More support will be offered to people looking to start a building project, including affordable homes for their local community.
Self-build is an important element of the government’s housing strategy; it supports action to help new house building firms and also helps empty and redundant buildings back into productive use.
The measures announced today (17 September 2013) will complement steps the government has already taken to dismantle barriers that hold back self-build projects: limited land availability and reluctance by lenders to provide finance and red tape.
Communities Minister Don Foster announced a series of measures to ensure the self-build market is opened up to those that are earning lower incomes. These include:
New grant funding to be provided for community self-builders
Community self-build and community-led affordable housing projects will for the first time be able to apply for a share of £65 million from the Affordable Homes Guarantees Programme to build the affordable homes they want in their area.
Increasing land for self-build plots by working with councils
New planning practice guidance will be introduced to ensure that councils create the demand for self-build in their area, as well as take steps to assist aspiring self-builders. This will include compiling a local register of people interested in building their own homes so they can be given first priority when new brownfield sites become available.
Removing the unfair taxes from self-builders
New Council Tax discounts will be introduced for self-build family annexes, removing an unfair council tax penalty surcharge.

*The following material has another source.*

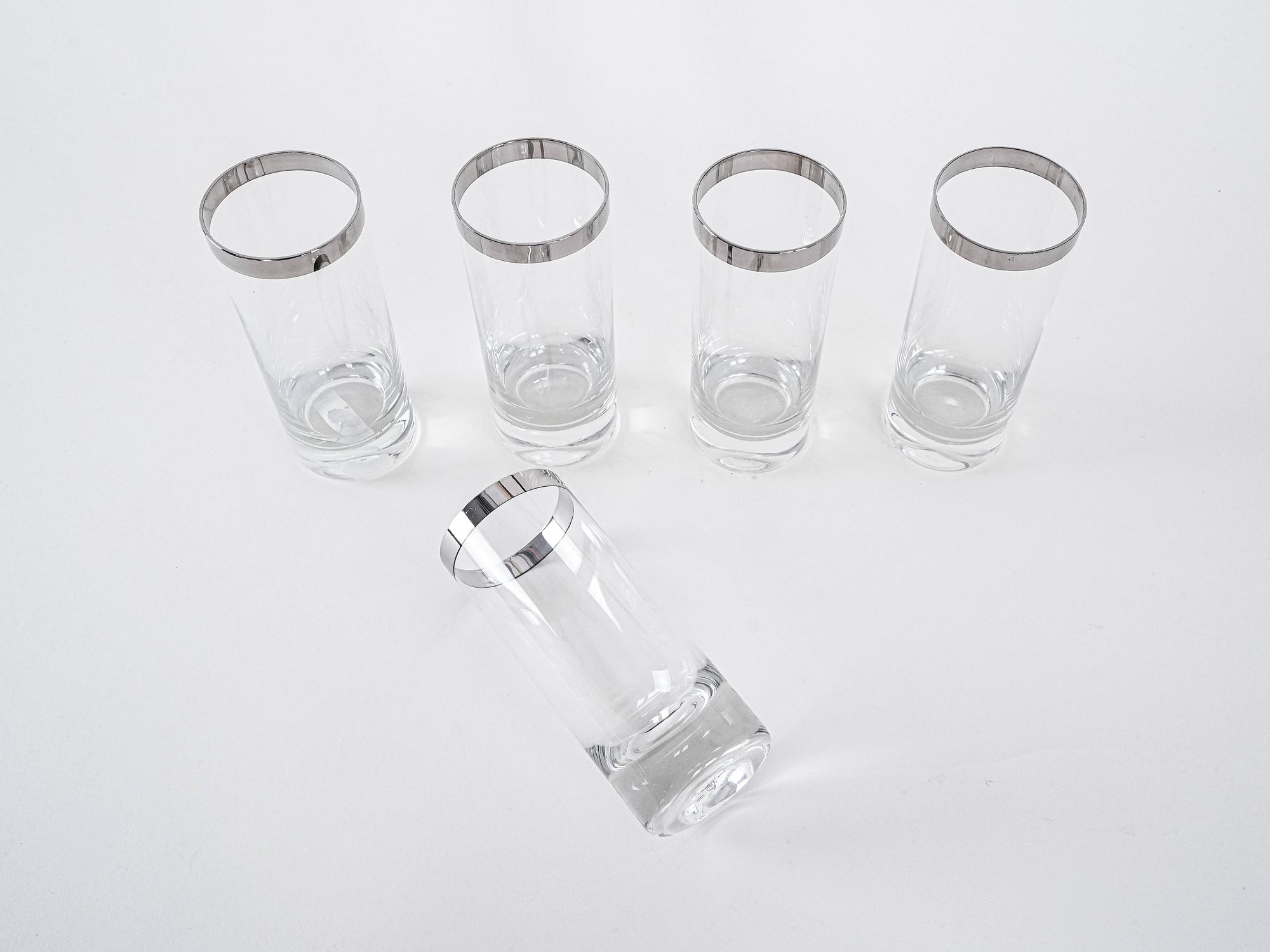 Glass Set Hollywood Regency Style Transparent 1970s 5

Meanwhile, genuine self-builders will be exempted from paying inappropriate Section 106 tariffs and the community infrastructure levy, which in return will cut the cost of self-build homes by thousands of pounds.
The Freeing up of more redundant public sector land for self-builders
A review of the Homes and Communities Agency’s large number of smaller plots will identify those which are not suitable for large-scale house building, but are perfect for small housing projects like self-build. More property asset data will be published online and the Community Right to Reclaim Land enhanced so self-builders can request redundant public sector land is released and sold for self-build projects.
An end to the misconceptions about self-builds
Mr Foster said the measures would help end the misconception that self-build is the pastime of a privileged elite, rather than a mainstream option. In 2012 to 2013 almost 11,000 new homes were self-built, in an industry worth up to £4 billion for the UK economy.
He explained ministers were determined that anyone with aspirations to build their own home will have the opportunity to do so. He said over the next ten years the self-build industry can double in size.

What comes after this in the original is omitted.